Gibson was 106 years old.
“He had just celebrated his birthday five weeks earlier and he thanked everyone,” said family friend Rosalind Stevenson.
Gibson began work as a coach attendant with Union Pacific Railroad in 1936 at the height of the Great Depression. He was later promoted to Pullman porter, one of the uniformed railway men who served first-class passengers traveling in luxurious sleeping cars. It was a much-coveted job that improved the fortunes of many struggling African-Americans at the time.
During a 38-year career, Gibson traveled the country, rubbing shoulders with celebrities and taking pride in the role, though it involved long hours and occasional indignities. Porters were required to respond to the name “George” after the founder of the Pullman Palace Car Co., George Pullman.

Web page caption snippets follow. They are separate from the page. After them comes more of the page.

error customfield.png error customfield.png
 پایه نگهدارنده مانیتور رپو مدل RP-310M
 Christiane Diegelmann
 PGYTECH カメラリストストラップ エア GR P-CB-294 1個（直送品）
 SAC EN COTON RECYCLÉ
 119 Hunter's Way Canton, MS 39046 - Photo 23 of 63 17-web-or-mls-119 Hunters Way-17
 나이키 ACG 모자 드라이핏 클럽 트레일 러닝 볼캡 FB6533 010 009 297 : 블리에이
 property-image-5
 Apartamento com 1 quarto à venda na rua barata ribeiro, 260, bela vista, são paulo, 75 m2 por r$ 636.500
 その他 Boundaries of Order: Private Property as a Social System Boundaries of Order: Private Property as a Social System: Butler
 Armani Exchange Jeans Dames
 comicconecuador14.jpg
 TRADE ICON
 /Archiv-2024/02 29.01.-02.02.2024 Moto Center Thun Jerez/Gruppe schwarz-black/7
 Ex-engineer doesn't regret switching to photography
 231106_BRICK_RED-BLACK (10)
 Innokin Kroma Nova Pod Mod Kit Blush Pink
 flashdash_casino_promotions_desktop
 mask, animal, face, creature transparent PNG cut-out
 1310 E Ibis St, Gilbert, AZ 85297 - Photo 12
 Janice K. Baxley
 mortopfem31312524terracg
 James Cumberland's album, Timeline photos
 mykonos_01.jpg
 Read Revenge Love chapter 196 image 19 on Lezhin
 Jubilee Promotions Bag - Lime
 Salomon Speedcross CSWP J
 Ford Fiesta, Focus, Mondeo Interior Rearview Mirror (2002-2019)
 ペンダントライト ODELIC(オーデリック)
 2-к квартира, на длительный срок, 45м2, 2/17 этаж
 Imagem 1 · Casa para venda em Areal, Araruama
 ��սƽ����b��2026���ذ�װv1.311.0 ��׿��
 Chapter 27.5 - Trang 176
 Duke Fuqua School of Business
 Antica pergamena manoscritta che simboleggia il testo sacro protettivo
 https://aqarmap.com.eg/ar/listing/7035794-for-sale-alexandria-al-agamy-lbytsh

“It was hard, but it was fun,” Gibson told the Los Angeles Times in a 2010 interview.
He said the job helped him to “feed my family . take care of them.”
Gibson purchased a brand-new family home in 1945 in South Los Angeles and lived in it until his death.
The second child of West Gibson and Annie (Pugh) Gibson, Lee Gibson was born May 21, 1910, in Keatchie, La. After his parents separated, his mother moved with the children to Marshall, Texas, where Gibson attended New Town Elementary School and Central High School, family members said.
When Gibson graduated from high school, he wanted to enroll in tailoring school, but the family couldn’t afford it. Instead, as a teenager his first job was working at Wiley College and Darco Corp., which made chemical cleaners for dry cleaning. He later worked as a presser at Moon’s Cleaners, and eventually bought the business.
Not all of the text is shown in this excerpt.